**Assignment**
An exact transcript is required of the lines below, from the one containing "Geologic Carbon Sequestration" through the very last; leave every picture out of it.

**Supplied information**
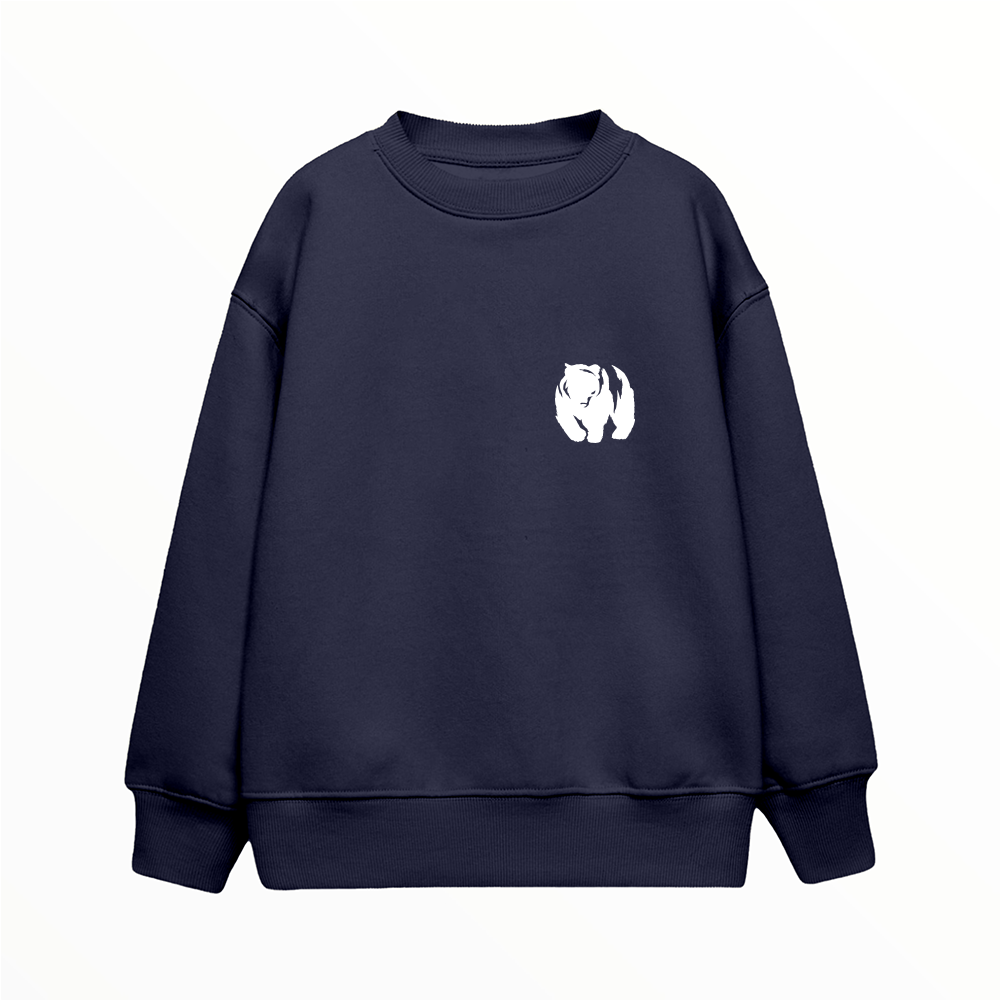 Raw Bear - Çocuk Sweatshirt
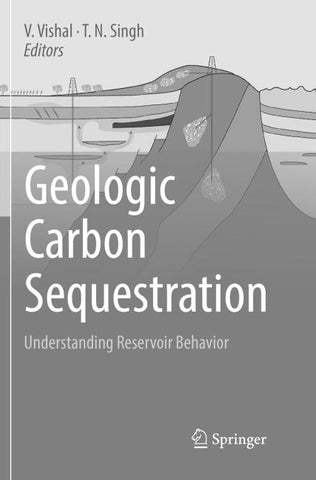 Geologic Carbon Sequestration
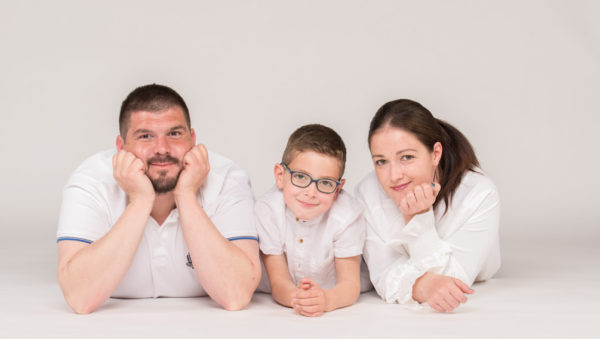 SEANCE PHOTO FAMILLE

**Finished exercise**
 Geologic Carbon Sequestration
 SEANCE PHOTO FAMILLE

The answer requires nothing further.